The Sixth Sunday of Ordinary Time

Challenges and choices

 Challenges and choices  ING-006
10 February 2022

This is a Sunday of contrasts and questions, of stark challenges and choices. The prophecy of Jeremiah, using images drawn from landscape and botany, drives us into the desert then leads us to streams of living water. “What do you want to be?” the Prophet asks, “a scraggy shrub struggling to survive in a salt-waste, or a “wealful” willow leafing and fruiting in well-watered soil?” The answer is obvious: embrace the Lord, then!

The poetry of Jeremiah leads us to the Galilean plain. The landscape image has not entirely disappeared. Our Gospel passage opens with the words, Jesus came down with them (the Twelve) and stood on a level place. He has just in fact spent all night in prayer on the mountain and then chosen his twelve apostles. Now, Moses-like, he returns to the throng.

At this point in the Gospel of Luke, we find a body of teaching that enshrines the essential spiritual message of Jesus. Matthew’s version is called the Sermon on the Mount, while Luke’s, the Sermon on the Plain. Both begin with the Beatitudes of which Luke’s version is briefer.

Challenges and choices: we may note at once the uncompromising contrast between the four “blesseds” and the four “woes” that follow them. Unlike Matthew’s Jesus, Luke’s does not speak in the third person (blessed are they) but in the second (blessed are you).

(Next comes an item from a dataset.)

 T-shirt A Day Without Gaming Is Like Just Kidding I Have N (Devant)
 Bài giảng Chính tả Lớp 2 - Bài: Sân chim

In effect, he is looking us in the eye and asking, “Where do you stand?”

Poverty, hunger, sadness and ill-treatment: at face value, these are not desirable qualities; throughout history, people have rightly sought to escape them. Jesus is not inviting us to embrace a spiritual masochism. Instead, he is suggesting that when such experiences inevitably come, as they do in one way or another, they can somehow symbolize a stance before the mystery of existence. Maybe “stance” is a word too self-assured: let’s say, rather, a “genuflexion” that recognizes the lacklustre and the limits and the longing of the human heart. “Our hearts are restless till they rest in thee,” writes Saint Augustine.

What then are the kingdom of heaven, and satisfaction and laughter and bounding joy, all promised to the Blessed? They are images of the destiny of those followers of the Lord who gather around him on the Galilean plain, and who chose in simplicity and humility to embrace the challenge of the Beatitudes. From Galilee and Judea and Jerusalem and the seacoasts they come, but they stand for people of all times and places: they stand for us.

Others, however, are caught in the glamour of present, passing pleasures. Instead of simplicity and humility, they find their satisfaction in fortune’s flighty favours, choosing in fact woe rather than weal.

What do you want to be? Where do you stand? Which do you choose?